Our male was constantly taking off on us. Last time I had to put an 8' log chain around his neck just to keep him in the yard. Parents had all females, we had a male and a female. My brother as all males. Seems the only ones we have to put lime on are for the males in the yard. Females seem to dig more.


----------



## stonebroke (Dec 16, 2004)

farmerj said:


> when we got our chocolate lab I let them pick me. Checked out over 6 litters before I found the pup that just came to me.
> 
> And she was a ball to have. great upland game dog.
> 
> ...


That's the price you pay for having a lab. :wink: I'm mostly kidding here, but we've had two neighbors who had labs (one was a male the other a female) and neither could keep their dog home. I don't know if that's a trait of some Lab lines, or if it was just these two individual dogs. The one with the female actually had the bigger problem....their dog would wander and neighbors 5 miles away would pick up the dog and bring it back.... I don't know whatever happened to the dog......probably not something good. I'm a believer in keeping dogs kenneled......if my dogs are not in the house or with me, they are in their kennel.


----------



## verg (Aug 21, 2006)

Tim,
what are chessies like? One of my labs is a bit of a roamer. Seems if I turn my back for two seconds off he goes and just ignores my commands. He is young yet and needs more obedience training etc but you told me one time your chessies have no interest in other people..just you and yours. I love labs that they are so friendly but I hate them for it too. Seems everytime someone walks by they have to charge out and greet them. I may get in trouble if they accidentally knock over some old lady.
So, question I'm trying to ask is do your chessies roam or do know if that is a common thread among the breed to do that and how are they with strangers or strange dogs etc?


----------



## dakotashooter2 (Oct 31, 2003)

I'm only on my 2nd gun dog but have had others just as pets and have noticed that females in general seem to be more perceptive to body language. Call it womens intuition if you want. I'm not sure that they are any smarter, maybe, just a bit more observant. I'd swear my last one could read lips.


----------



## Bobm (Aug 26, 2003)

every male lab I've ever owned was a wandering bum, if he got the chance, I love labs so don't think this is a slam just a observation

I have an opinion not mentioned and that is that female dogs tend to be more terriorial, more likely to show agression ( usaully just growling or barking I'm not alkting a biteing dog here) my male dogs would watch you beat me to death and do nothing.

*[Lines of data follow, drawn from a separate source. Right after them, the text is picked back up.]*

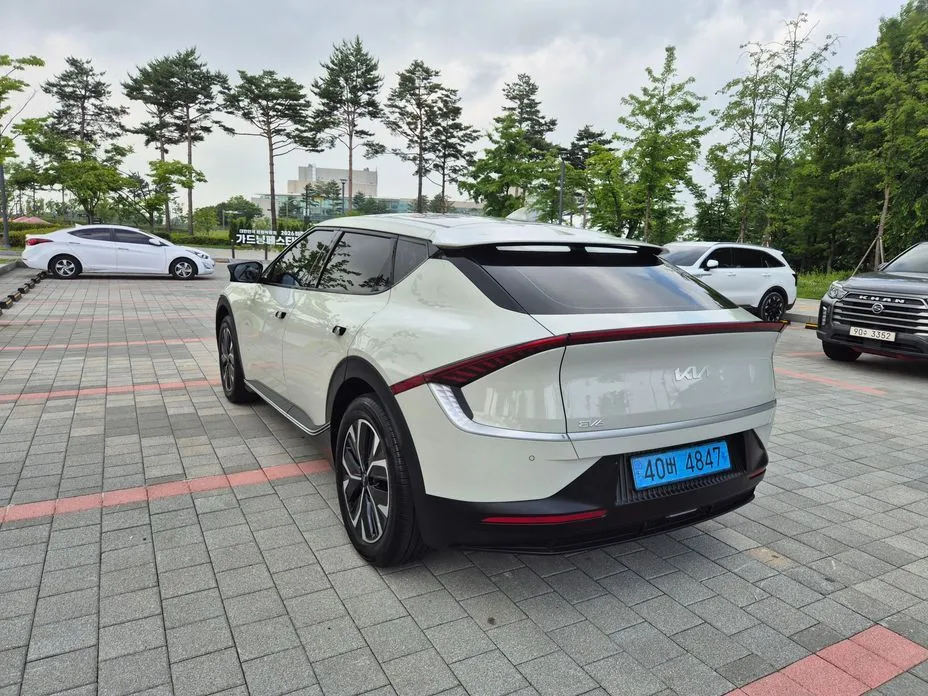 Kia EV6 — фото 8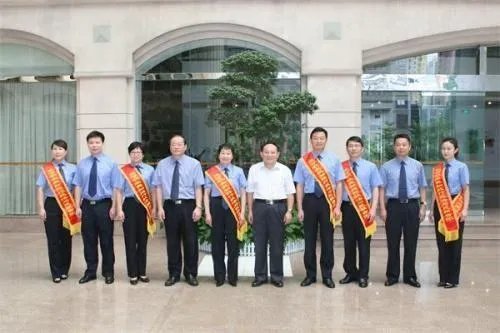 广东省人民检察院领导简介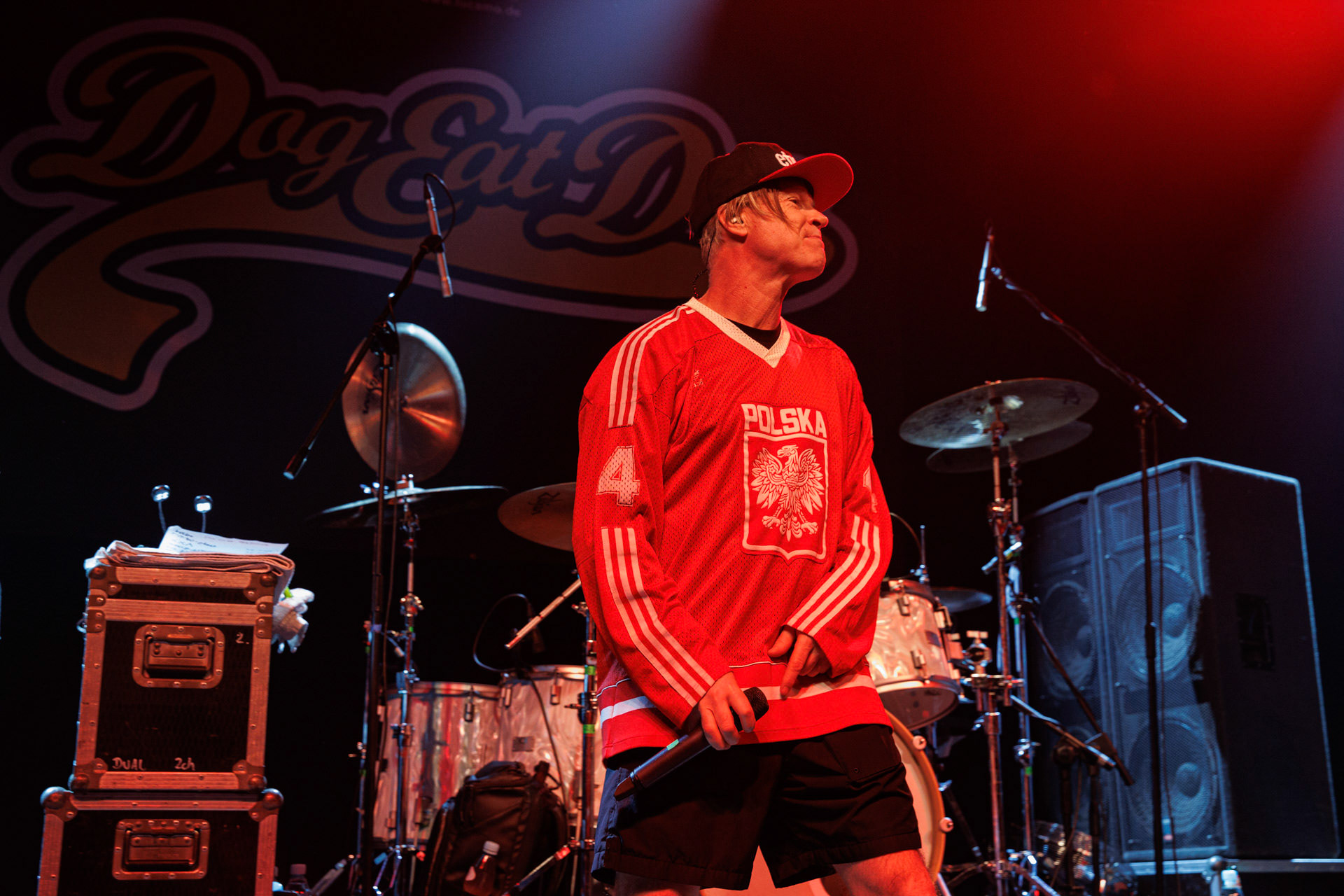 30.11.2021 koncert Dog Eat Dog - USA - hardcore, punkrock, rap, metal, hip hop, reggae, soul, funk,n/z Dave Neabore (bass), n/z John Connor (vocals), n/z Brandon Finley (drums), n/z Roger Hammerli (guitar),n/z Bozez (sax &amp; beer),koncert Warszawa, Progresja 25 lat albumu Play Games -  Dog Eat Dog.fot. Andrzej Wasilkiewicz/Reporter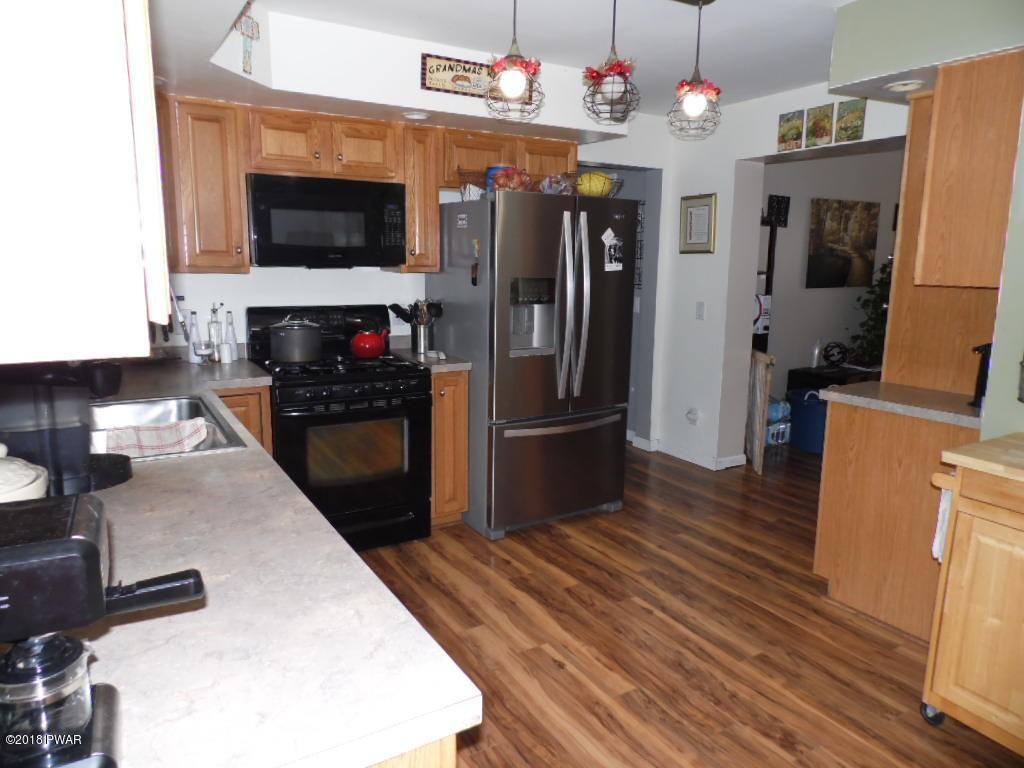 133 Crocus Ln - Photo 2 of 37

The only two male dogs I've ever had that would of been good protection or watch dogs is my current pit bull and a chow I had as a kid. I own 5 male dogs right now and with the exception of the pit none of them even bark at strangers. All my female dogs do( GSPs and EPs).

I think if your not real good or dedicated/experienced at training I think females are simpler to deal with on average

there probably many exceptions but these are my personal observations


----------



## gonehuntin' (Jul 27, 2006)

Boy, I've both of them and for me, I like the females. They are a more loving dog and form a stronger bond with you. The males tend to be more aloof. But beware; I'd rather train a male. The females tend to pout and sulk when the heat is on, the males just shrug it off and say "OK boss, so just how DO you want me to do it?"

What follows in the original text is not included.